## [EXERCISE DETAILS]
Among the records that follow, find each line holding the word "Grande" and copy it.

*** Opening DATASET CONTENT ***

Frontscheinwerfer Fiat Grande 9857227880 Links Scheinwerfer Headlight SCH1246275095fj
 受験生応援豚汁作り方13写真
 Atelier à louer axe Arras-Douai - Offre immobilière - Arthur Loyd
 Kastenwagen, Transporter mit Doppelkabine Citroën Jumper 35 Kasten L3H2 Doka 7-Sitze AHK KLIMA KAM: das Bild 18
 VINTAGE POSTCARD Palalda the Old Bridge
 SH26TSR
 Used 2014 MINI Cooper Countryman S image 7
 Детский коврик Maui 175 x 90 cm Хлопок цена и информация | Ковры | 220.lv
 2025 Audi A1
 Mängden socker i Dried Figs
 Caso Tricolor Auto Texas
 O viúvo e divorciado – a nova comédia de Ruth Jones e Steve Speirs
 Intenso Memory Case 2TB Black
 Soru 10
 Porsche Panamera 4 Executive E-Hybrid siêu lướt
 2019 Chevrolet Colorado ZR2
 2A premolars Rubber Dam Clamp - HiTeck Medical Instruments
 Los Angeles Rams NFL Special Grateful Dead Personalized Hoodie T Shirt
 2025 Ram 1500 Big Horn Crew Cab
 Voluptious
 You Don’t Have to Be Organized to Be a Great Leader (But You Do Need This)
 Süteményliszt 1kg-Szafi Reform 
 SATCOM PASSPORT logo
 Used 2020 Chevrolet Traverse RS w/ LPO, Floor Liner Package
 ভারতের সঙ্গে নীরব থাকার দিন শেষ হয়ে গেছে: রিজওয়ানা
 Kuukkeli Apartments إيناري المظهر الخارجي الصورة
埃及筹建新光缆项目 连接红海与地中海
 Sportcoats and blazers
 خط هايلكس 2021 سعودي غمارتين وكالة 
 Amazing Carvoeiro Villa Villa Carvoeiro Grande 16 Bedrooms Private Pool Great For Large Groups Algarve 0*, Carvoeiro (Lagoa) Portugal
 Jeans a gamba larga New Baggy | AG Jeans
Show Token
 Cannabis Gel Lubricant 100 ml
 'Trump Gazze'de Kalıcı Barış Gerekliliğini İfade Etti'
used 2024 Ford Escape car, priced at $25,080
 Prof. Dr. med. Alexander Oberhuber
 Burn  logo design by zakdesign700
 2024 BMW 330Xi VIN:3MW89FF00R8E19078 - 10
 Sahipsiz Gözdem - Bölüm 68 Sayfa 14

*** Closing DATASET CONTENT ***

## [RESPONSE TO THE EXERCISE]
Frontscheinwerfer Fiat Grande 9857227880 Links Scheinwerfer Headlight SCH1246275095fj
 Amazing Carvoeiro Villa Villa Carvoeiro Grande 16 Bedrooms Private Pool Great For Large Groups Algarve 0*, Carvoeiro (Lagoa) Portugal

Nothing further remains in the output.